En estos momentos, vemos lo que está sucediendo con Cataluña. Cataluña, una región a la cual se le ha impulsado económicamente desde el siglo XIX, ha sido envenenada -de la misma forma que lo fueron nuestros países- para abandonar el seno de la Madre Patria -aunque en un periodo de tiempo de mayor extensión-. La España actual -laica, amoral, avergonzada de su pasado, y sin una vocación clara- lo único que tiene de destacable son sus “indicadores de desarrollo”. La España actual, un estado moderno, no tiene mucho que ofrecer a una región que habla un idioma distinto -requisito clave para crear un estado moderno- y que es, quizás, la región más pervertida de España -siendo la región más católica y leal de España en su momento-. España no tiene nada que ofrecer a Galicia, Andalucía o al País Vasco, por la misma razón que no tuvo nada que ofrecer en su momento a los reinos de América: se estaba perdiendo la fe, y ahora no hay fe ni motivos para estar unidos. Con un amigo, hacemos la macabra broma de decir que hasta Getafe -una ciudad justo al sur de Madrid- pedirá la independencia algún día. Y es que duele ver lo que pasa en España en estos momentos.
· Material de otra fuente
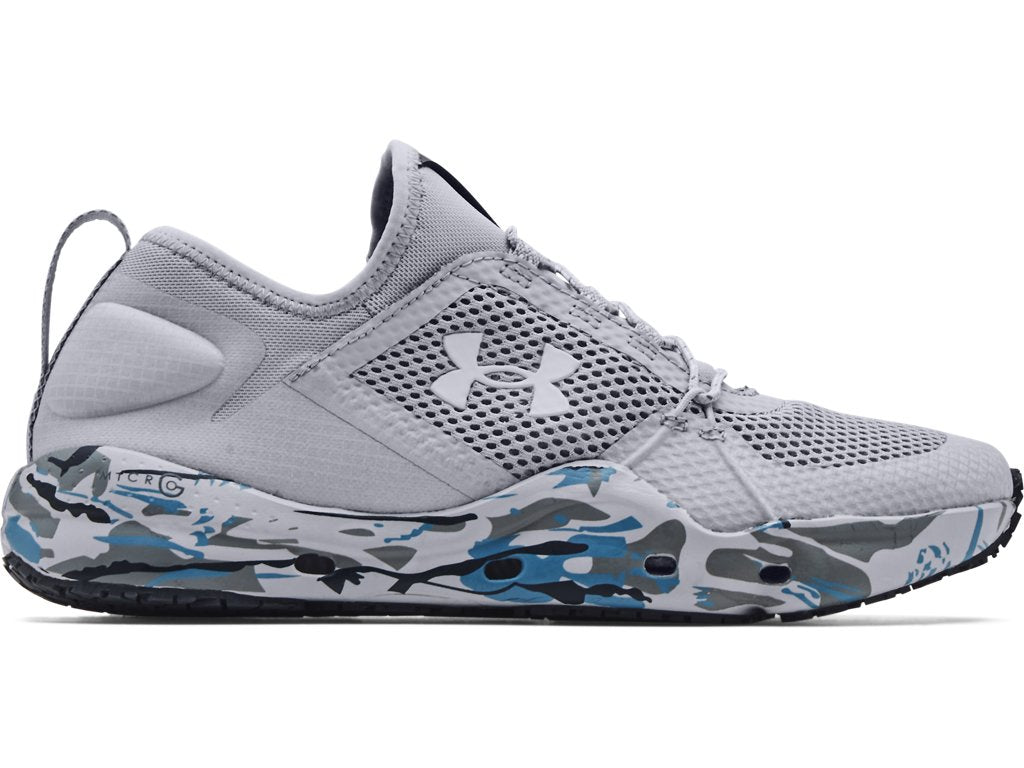 Under Armour Men's Micro G Kilchis Camo Fishing Shoes - Superior Grip on Wet Surfaces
Duele ver que los hispanos, los hijos de lo que alguna vez fue la Monarquía Católica, seamos despreciados en el mundo por nuestra cultura y nuestros valores -hasta por los mismos españoles, nuestros padres-, y sirvamos sólo para despertar los deseos carnales de ingleses, franceses, estadounidenses y otros. Duele ver que seamos vistos como “flojos”, como “narcotraficantes”, como “corruptos” sólo porque quienes nos pervirtieron con el opio de la “libertad” pueden vivir de manera farisea -siendo muy civilizados en el trabajo y en el exterior, pero inmorales en su fuero interno- y nosotros no podamos. Duele ver que muchos países que adquirieron su independencia en tiempos muy recientes -como por los 50’- sí tienen prosperidad, y a nosotros nos cueste tantos ser prósperos, porque a ellos sí les dijeron que su cultura valía y no tienen el complejo de culpa que nosotros tenemos. Sin embargo, albergo una esperanza para los pueblos que pertenecieron a España, para las Españas, y está en el hecho de recuperar la vocación para la cual nacieron las Españas tras la conversión de Recaredo.
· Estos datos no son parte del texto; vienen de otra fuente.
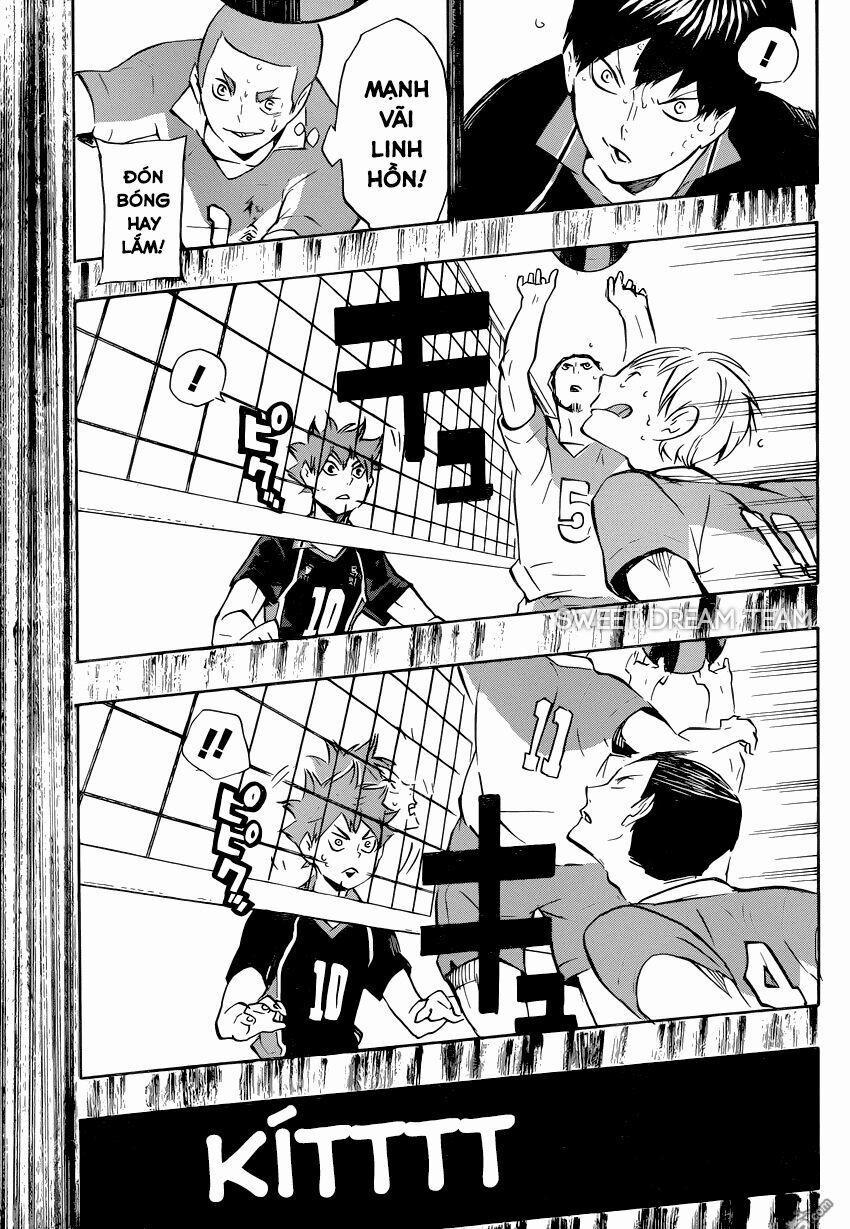 Vua Bóng Chuyền 116 trang 11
Cuando nos veamos en el espejo, cuando veamos lo perfecta de nuestra fe católica, cuando descubramos en nuestra amabilidad -de lo poco bueno que nos reconocen-, en nuestros rasgos faciales -ni totalmente romanos, ni totalmente góticos, ni totalmente judíos, ni totalmente sarracenos, ni totalmente asiáticos, ni totalmente indígenas-, nuestros nombres y dos apellidos -paterno y materno, recordatorio de la igualdad de dignidad de nuestros padres-, en el hecho de considerar una ordinariez prestar con interés a nuestros amigos -fruto de las enseñanzas de la primera escuela económica del mundo-, en el que tienes un idioma que se pronuncia tal cual como se escribe -el idioma con la primera gramática que existió en el mundo-, comprenderemos que nuestra cultura es mil veces superior a aquella que nos domina en estos momentos. Cuando comprendamos esta superioridad, podremos hallar nuevamente nuestra vocación perdida, y que somos miembros de una raza a la cual no se pertenece por “la carne, sino por el espíritu”. Anhelo el día en que las Españas se unan; no de manera moderna, sino en la consonancia que otorga una vocación común. Anhelo el día en que países tan diversos como Chile, como México, como Puerto Rico, como Filipinas, como Brasil, como Timor Oriental, como España y Portugal, acepten que no nacieron para volverse ricos, o adherir a ideas peregrinas, sino para traer su pax sobre los cincos continentes, sobre la ecúmene. Porque esa es la razón por la cual se conmemora el Día de la Raza: para celebrar al pueblo que encarnó, con la mayor fidelidad, el ethos de la sucesora de las doce tribus de Israel.